◆ Task directions
From the line containing "Speed 7 Drift King Go-Kart for Kids Pink" to the line containing "Type R emblem 12 cm." in the entries below, reproduce every line exactly, ends included. Nothing else belongs in the copy, and no pictures.
--- Supplied records ---
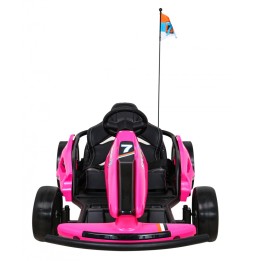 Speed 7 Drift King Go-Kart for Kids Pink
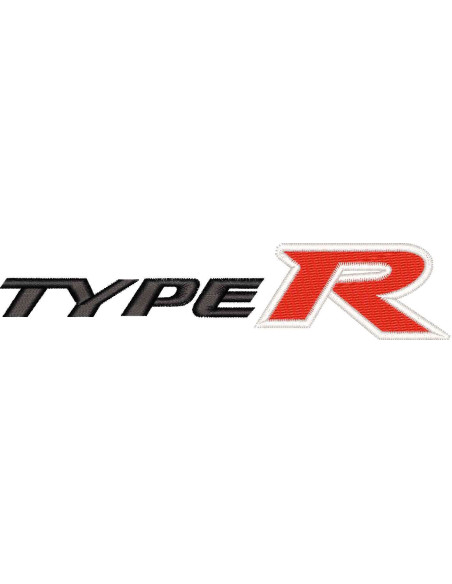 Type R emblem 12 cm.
---
--- Supplied records ---
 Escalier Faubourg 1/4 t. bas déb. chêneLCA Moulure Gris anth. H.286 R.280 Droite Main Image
---
--- Supplied records ---
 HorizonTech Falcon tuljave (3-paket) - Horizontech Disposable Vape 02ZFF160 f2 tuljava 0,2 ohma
---
◆ Reply
 Speed 7 Drift King Go-Kart for Kids Pink
 Type R emblem 12 cm.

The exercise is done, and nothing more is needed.